Even something like code linting is a good example, to make it
Google-specific: say for a Go project: Are you going to pin your linting
tool/version to whatever understood your YAML format for the linter as
it was specced 10 years ago when the project started?  It's simply a
giant hassle to have a piece of code operate on every version of your
project ever in a way that doesn't break.

I think in practice the designers of this feature don't actually have
that in mind, but a "close to trunk" workflow, where you'd expect a hook
to only need to operate on revisions for the last few weeks or months,
because that'll be the oldest think people create new topics from.

But I think the burden of proof is really on the other side here,
something that works entirely differently than the rest of git needs to
have a good reason. Our in-repo .gitattributes don't work like this, nor
.gitignore, .mailmap etc.

There's also real world uses of git where the "branches" are wildly
divergent, e.g. I've worked on a system automation repo where the
"master" was just a stub template, and every team had their own almost
entirely different "repo-like" branch. Probably a bad idea for various
reasons, but Git supports it just fine.

For the centralized use-case what's the problem with just having the
hook do a 'for-each-ref --format=' invocation or "cat-file --batch" on
the "origin", and eval what it finds there? I'd think that gives you
what you want for the more centarlized workflow, while leaving git's
implementation working like the rest of our in-repo files.

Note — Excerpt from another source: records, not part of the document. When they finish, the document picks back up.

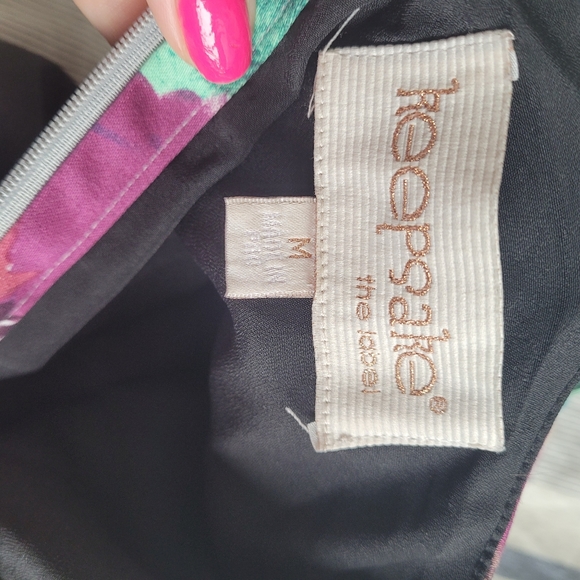 Keepsake the label dress - Picture 6 of 9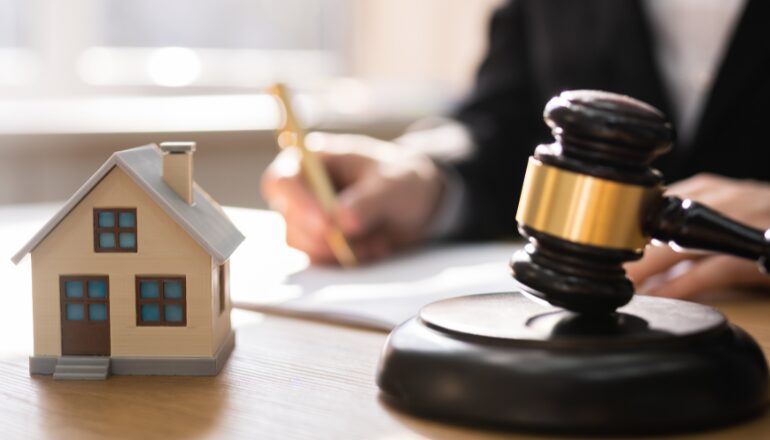 Govt moves to check benami,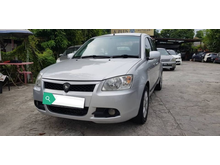 2009 Proton Saga 1.3 BLM H-Line Sedan TIp-Top High Loan Available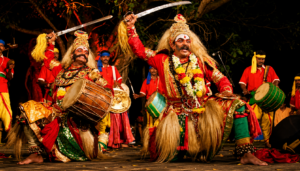 वीरगासे (Veeragase)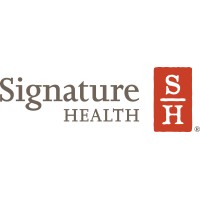 Signature Health, Inc. logo, Signature Health, Inc. contact details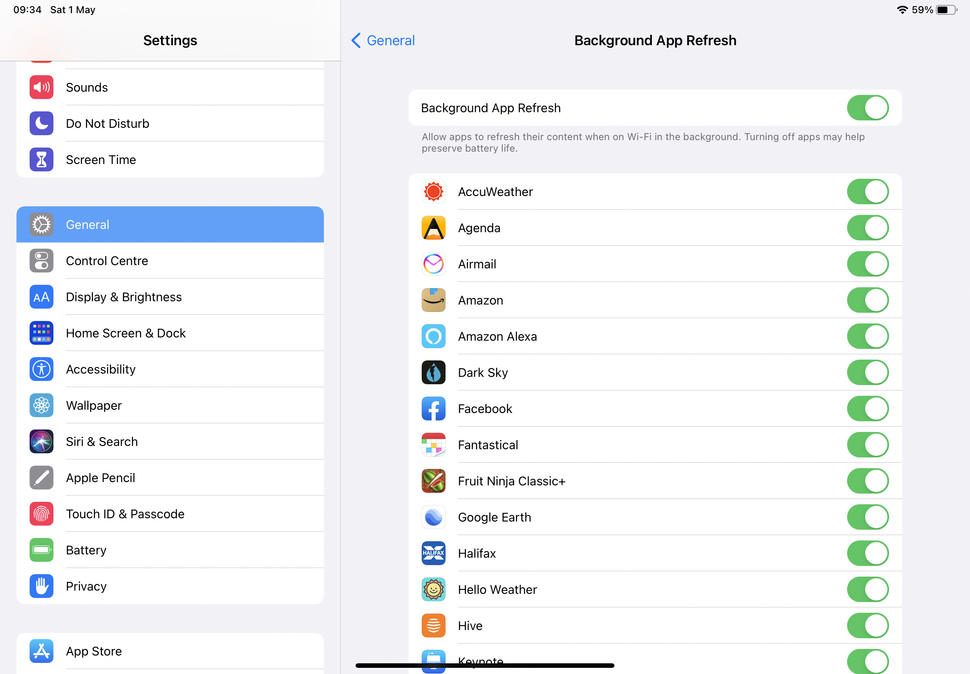50 iPad tips and tricks how to make the most of your Apple tablet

>> I think it's just un-git-y to have a meta-branch that in some way drives
>> not only all other branches, but all other revisions of all branches,
>> ever.
>> 
>> It breaks expectations around git in lots of different ways, you can't
>> fetch a single branch and get its hooks,
>
> Are you saying that each branch should have its own hooks? That might be
> reasonable in certain projects, but I don't see how that is a Git
> expectation.

It's a git expectation now that I can add git.git as a remote, also
chromium.git, and linux.git, fetch them all, and happily switch in the
same repo between entirely different codebases that don't share a
history.

>> you can't locally alter, commit
>> and update your hooks while e.g. renaming a "t/" directory to "test/";
>> your hooks and code can't be atomically changed).
>
> I still think that hooks should work independent of code versions, so I
> wouldn't think that atomicity here is important.

Covered above.

>> I think I get why you want to do it that way, I just don't get why, as
>> mostly noted in those earlier rounds why it wouldn't be a better
>> approach / more straightforward / more git-y to:
>> 
>> 1. Work on getting hooks driven by config <this is happening with
>>    Emily's series / my split-out "base" topic>
>> 2. Have a facility to read an in-repo '.gitconfig'; have lots of safety
>>    valves etc. around this, I suggested starting with a whitelist of the
>>    N least dangerous config options, e.g. some diff viewing options, or
>>    a suggested sendemail.to or whatever.
>
> I've replied to this above.

Not really, even if we went for this one-HEAD-version-to-rule-them-all
plan wouldn't it make more sense to generalize it as a
refs/remotes/origin/magic-config, and we'd discover a ".gitconfig" file
under that commit/tree.

I.e. whether we generalize this to config in general is orthagonal to
whether such config lives in HEAD or in a magic ref.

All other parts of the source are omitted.